Unfortunately, the real hero of Lux Radio Theater's success never saw it happen. Danny Danker died in 1944 at the young age of 41.
1 JACK BENNY Years Broadcast: 1932-1955 966 Points
Seasons Ranked: 21 Top 100 Seasons: 21 Top 50 Seasons: 21 Top Ten Seasons: 19
Highest Season Rank: 1st, (4), 1936-37, 1939-40, 1940-41, 1952-53.
Highest Season Rating: 35.0, 1934-35. Highest Monthly Rating: 42.3, Apr 1935. Months Rated Number One: 36.
"Well!" Well Done. Jack Benny, (fka Benny Kubelsky), was a vaudeville headliner appearing in Earl Carroll's Vanities on March 29, 1932, when New York Daily News columnist Ed Sullivan invited him to appear on his WABC quarter-hour. Benny's first words were a tip-off to his on-air persona that would debut in May: "Ladies and Gentlemen, this is Jack Benny talking. There will be a slight pause as you say, 'Who cares?"
As it turned out, millions of listeners did care over the next 21 seasons. They cared for Benny and his troupe of put-down artists - his wife, a black valet figure, an Irish tenor, a boozy bandleader, a hefty announcer and numerous comic actors. They cared enough to push his shows for General Foods and American Tobacco into the Annual Top Ten for 19 consecutive seasons, 16 of them in the Top Five. Further, Jack Benny was the only personality to score a Number One season in all three decades of Network Radio's Golden Age. He planted his flag on Sunday night at 7:00 and never moved it in his travels over Blue, (1934-36), NBC, (1936- 48), and CBS, (1948-55) and an encore two seasons of recorded repeats.

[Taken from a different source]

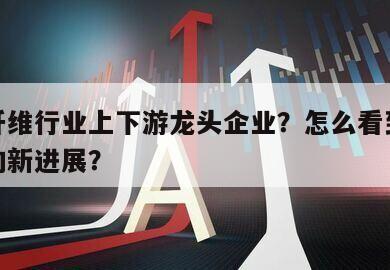 其他纖維行業上下游龍頭企業？怎么看到其他纖維的新進展？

All the while Benny portrayed a cheap, egotistical, vain, narcissist loudmouth who was oblivious to his faults or what others thought about him. It was the antithesis of Benny's true personality, but he played the part so well that audiences loved him for it.
Benny told New York Daily News columnist Ben Gross in 1952: "I may not be the world's greatest comedian, but I am one of its most successful performers. And I have an explanation for this success. In the first place, I work closely with my writers, who are good ones. But the one factor which is more important is that I'm a damned good editor."
That becomes obvious when hearing Benny in GOld Time Radio posts: Sunday At Seven, Benny's Double Plays, Lucky Gets Benny, The Feud1, The Feud2, Your Money Or Your Life, and seeing him in Mr. Allen Meets Mr. Benny. Another key factor to the program's success was entire ensemble's keen sense of timing which included silent pauses that often brought hilarious results.
Add to this Benny's running gags built around his personality, his ancient Maxwell automobile, his sub-basement vault, his polar bear, (Carmichael), his long-suffering neighbors (the Ronald Colman's), and recurring characters played by Artie Auerbach, Bea Benaderet, Sara Berner, Joe Besser, Mel Blanc, Andy Devine, Verna Felton, Joe Kearns, Sheldon Leonard, Eddie Marr, Frank Nelson and others.
The wide array of sidebar situations and characters provided a field day for Benny's writers, Harry Conn, (1932-36), Bill Morrow & Ed Beloin, (1937-43), and Sam Perrin, Milt Josephberg, George Balzer & John Tackaberry, (1944-55). And of course there was the comedian himself, who admitted to being, ",,,a damned good editor."